La ventana de Overton, cuyo encuadre no cesa de avanzar hacia posiciones cada día más contumaces y vitriólicas –suyo es un sectarismo insensato, obtuso, que conduce a nuestra inmolación como sociedad civil-- no solo se desplaza a resultas de la acción de esos engrasados enjambres de asesores, ideólogos y propagandistas oficiales, que se devanan los sesos para alumbrar a cada rato nuevas modalidades de arrogancia, ira y despecho, y no notan que es idiota matar la bondad. También cuenta con el gusto por la intoxicación del pueblo llano, ávido de imitar lo que ve, exigiendo vetos, antagonismos y la destrucción moral del diferente.

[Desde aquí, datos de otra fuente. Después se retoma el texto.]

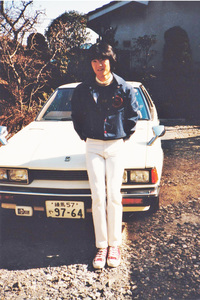 「日産ガゼール ハードトップ」(S110型)と19歳の筆者。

¿Proyecta ello una fantasía de aniquilación física? Cuesta entender la omnipresencia a estas alturas de la Guerra Civil, cuya delirante falsificación hermenéutica, azuzada desde el cine, la prensa, el parlamento y la universidad, lastra las mentes, los corazones y las almas, mientras el Oscar Puente de guardia otorga a los etarras unas impecables credenciales éticas. Así las cosas, un partido moderado, católico y liberal-conservador como VOX se ve cada vez más solo ocupando lo que fue el campo tradicional de las democracias occidentales: garantismo legal, valores constitucionales, intangibilidad de fronteras, libertad individual, rechazo de la discordia, pluralismo ideológico, cultura del esfuerzo, etc. De ahí que, pese a las calumnias y agresiones que sufre, tenga un espacio único para divulgar tales virtudes, e instruir a la ciudadanía en la poca cuenta que trae el cainismo.

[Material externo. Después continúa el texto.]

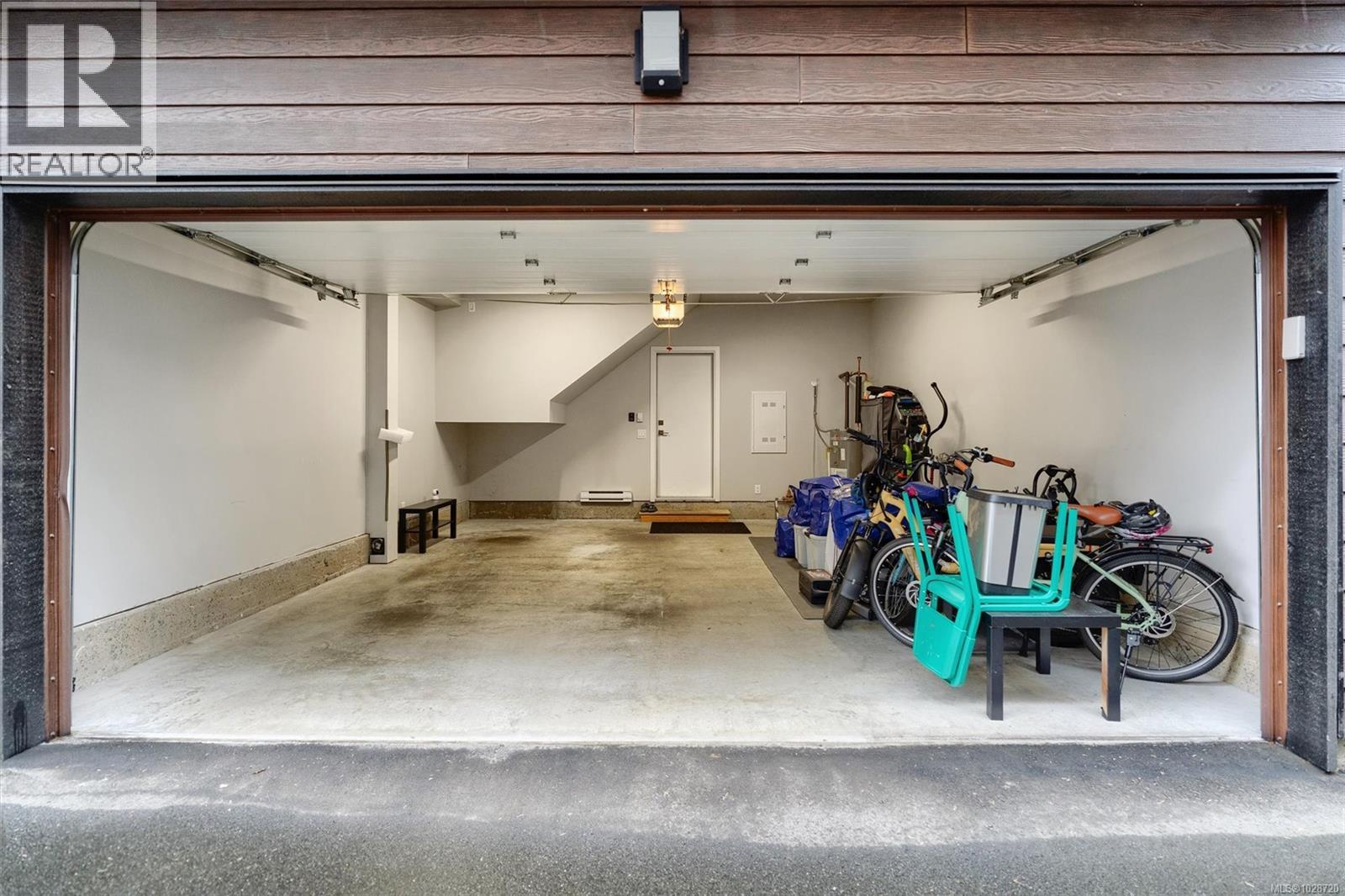 #103 694 HOYLAKE AVE - 34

Estar en las antípodas del totalitarismo a la moda no es cómodo. Te caen bofetadas de todas las esquinas. El colectivismo deshumanizador ya no se llama comunismo o fascismo, sino globalismo, y José Manuel García-Margallo lo considera el evangelio. Pero al pretender rivalizar en «progresismo» con los más «progresistas», el PP apuesta, con candor farisaico, por alimentar una patología a la que le crecen cada vez más vigorosos anticuerpos en países como Italia, Holanda, Suecia, Alemania, Finlandia, Grecia y otros. Si los carcas de ayer se convierten al wokismo por cálculo o flojera, y envían felicitaciones navideñas como la urdida por el rector ayusista de la Complutense, Joaquín Goyache Goñi (dice: «El fin del otoño abre paso al nuevo año con deseos de paz, renovación y prosperidad.»), podría ser útil recordar que cristianismo e identidad europea son indisociables, salvo para estos amnésicos sin linaje.

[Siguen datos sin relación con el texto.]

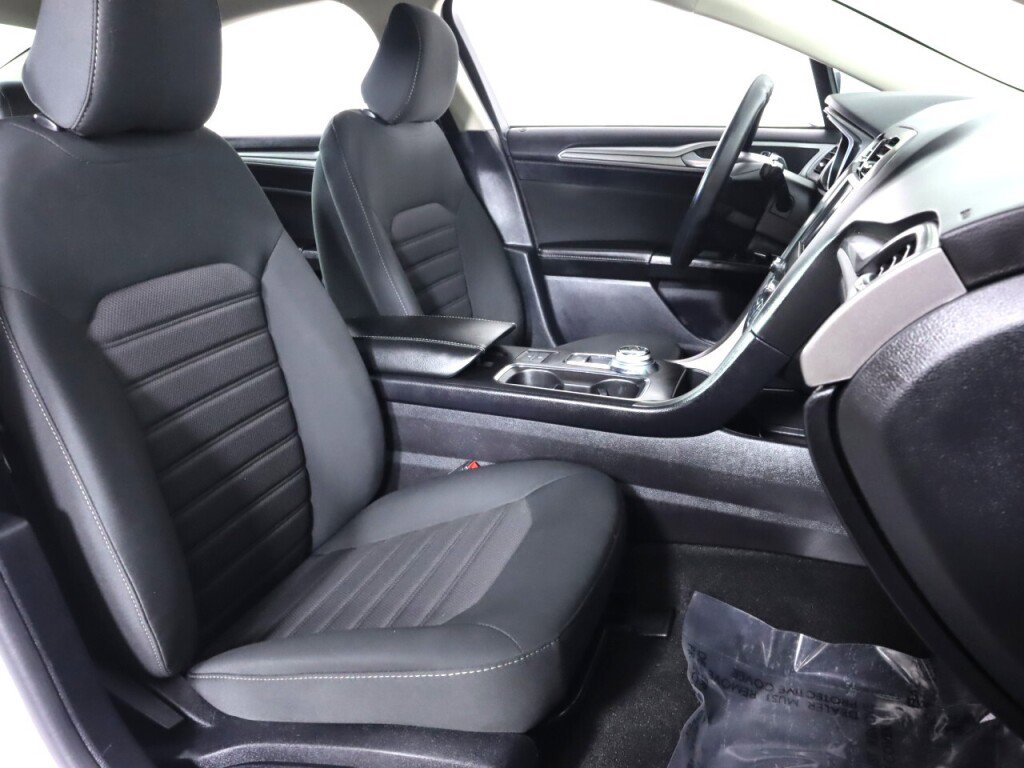 Used 2020 Ford Fusion SE image 39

Si el ámbito convencional de una izquierda rosácea es ocupado por dicha derecha, el PSOE no tiene otra que reproducir el esquema tachando de alicortos los acercamientos del PP, y mirar a su izquierda y hacia los secesionismos antiespañoles para arrebatarles sus banderas. Y si el socialismo se lanza a colonizar esas parcelas antaño comunistas, etnicistas y hostiles, es obvio que sus moradores tendrán que radicalizarse todavía más, para que no los tilden de tontos. Aquel eurocomunismo de Carrillo, con su pose integradora e institucional, no tiene ya cabida en el contexto, y Aldo Moro, el del Compromiso Histórico con Enrico Berlinguer, habría muerto para nada.

Lo nuestro viene a ser un cóctel, un juego de sillas musicales, entre marxismo de los años treinta, mendacidad, corrupción, incultura galopante, cinismo hedonista y nostalgias guerracivilistas. No existe loghismós o aberración de la conducta, en el sentido de las ocho desviaciones descritas por Evagrio Póntico, en las que nuestra casta política no chapotee con delectación infinita. Lo ilustra a las mil maravillas Esteban González Pons mediante su pintoresca novela El escaño de Satanás (Barcelona: Espasa, 2022). Se trata de una fantasmagoría gótica con algunos elementos fantásticos. Aunque lo más terrorífico del ejercicio literario sean su alto grado de realismo implícito, la pericia experiencial con la que se retratan las vidas y milagros de nuestros personajes públicos actuales.